### Exercise objective
A precise copy of the data is required, with every picture left out.

[Data excerpts]

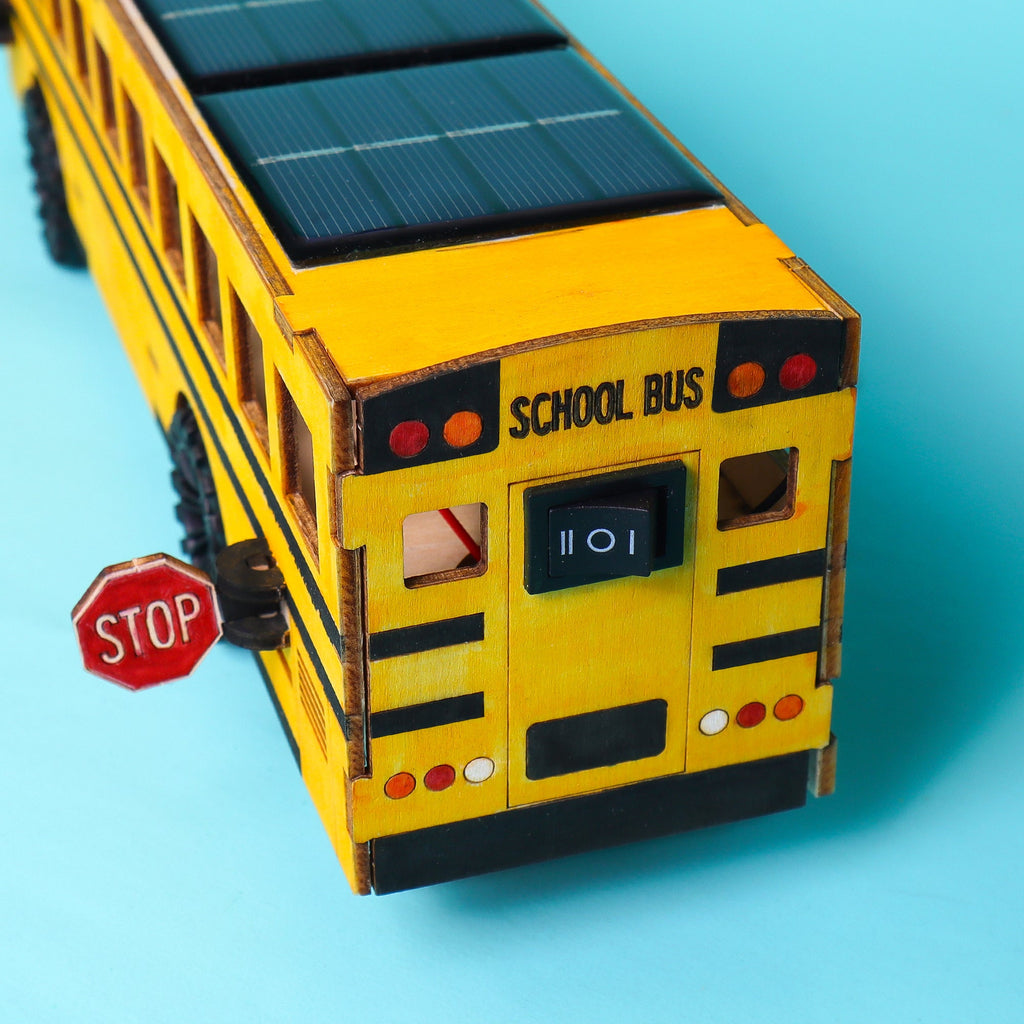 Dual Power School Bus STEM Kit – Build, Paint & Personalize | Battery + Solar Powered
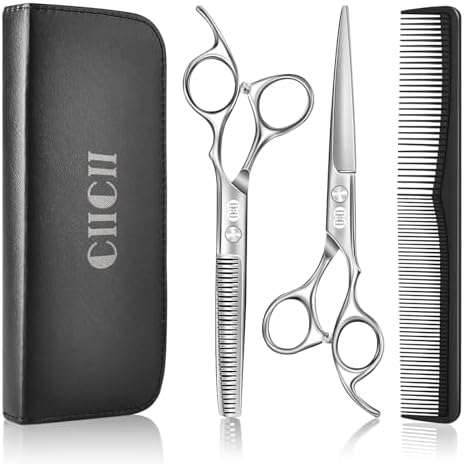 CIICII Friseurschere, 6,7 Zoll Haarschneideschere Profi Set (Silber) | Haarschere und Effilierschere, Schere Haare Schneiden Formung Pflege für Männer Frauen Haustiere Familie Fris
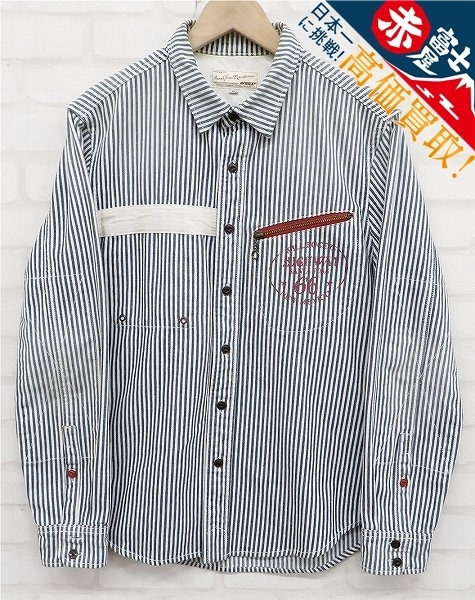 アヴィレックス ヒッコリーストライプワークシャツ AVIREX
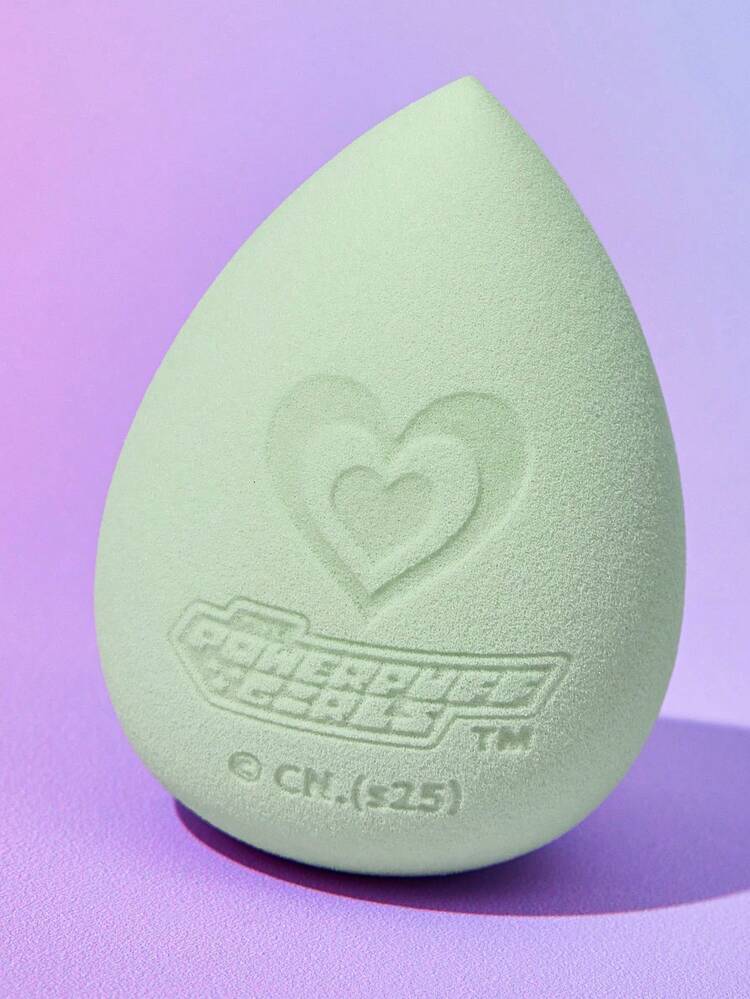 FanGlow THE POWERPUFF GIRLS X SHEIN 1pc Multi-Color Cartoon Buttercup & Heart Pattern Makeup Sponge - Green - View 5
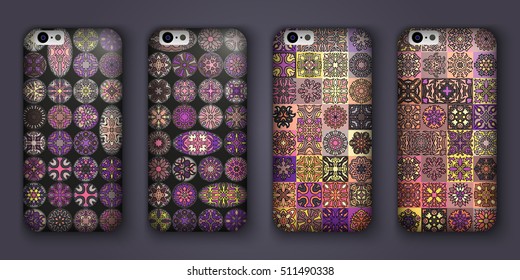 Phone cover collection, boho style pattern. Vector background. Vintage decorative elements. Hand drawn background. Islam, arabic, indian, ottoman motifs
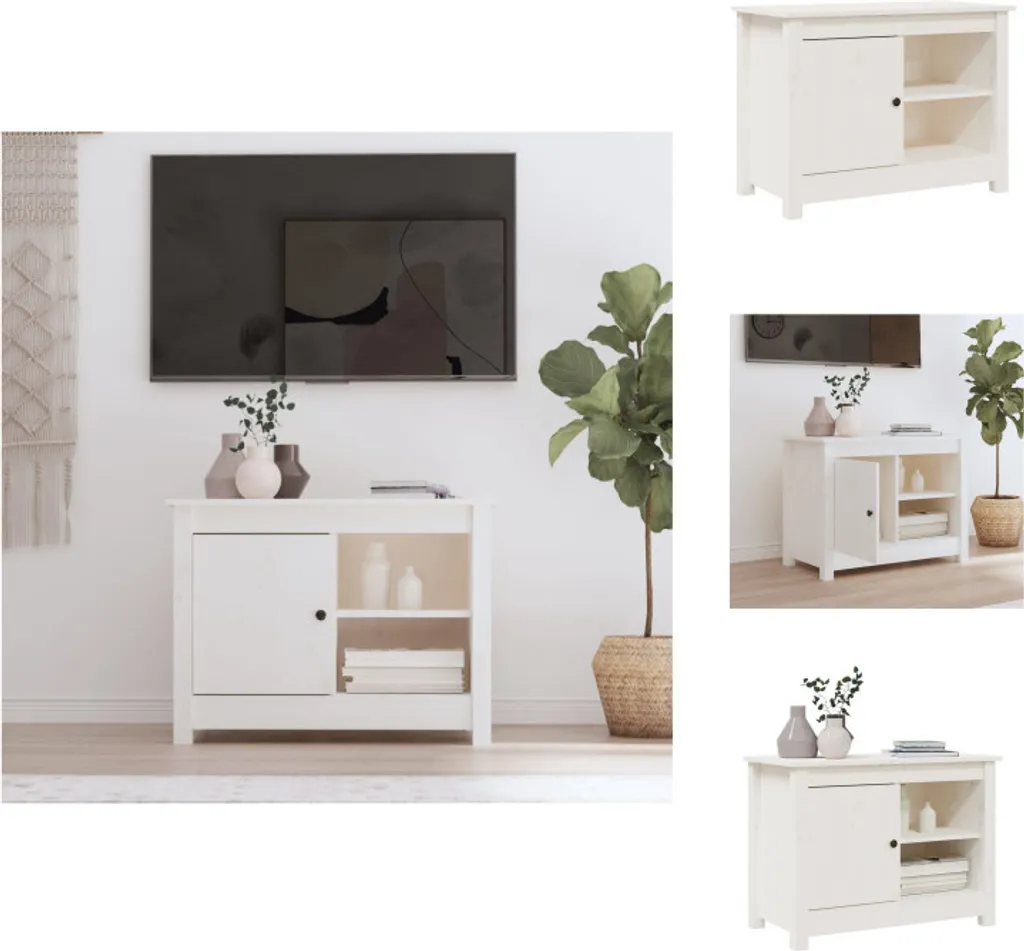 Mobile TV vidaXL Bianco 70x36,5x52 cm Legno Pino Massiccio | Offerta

[/Data excerpts]

### Solution to this exercise
 Dual Power School Bus STEM Kit – Build, Paint & Personalize | Battery + Solar Powered
 CIICII Friseurschere, 6,7 Zoll Haarschneideschere Profi Set (Silber) | Haarschere und Effilierschere, Schere Haare Schneiden Formung Pflege für Männer Frauen Haustiere Familie Fris
 アヴィレックス ヒッコリーストライプワークシャツ AVIREX
 FanGlow THE POWERPUFF GIRLS X SHEIN 1pc Multi-Color Cartoon Buttercup & Heart Pattern Makeup Sponge - Green - View 5
 Phone cover collection, boho style pattern. Vector background. Vintage decorative elements. Hand drawn background. Islam, arabic, indian, ottoman motifs
 Mobile TV vidaXL Bianco 70x36,5x52 cm Legno Pino Massiccio | Offerta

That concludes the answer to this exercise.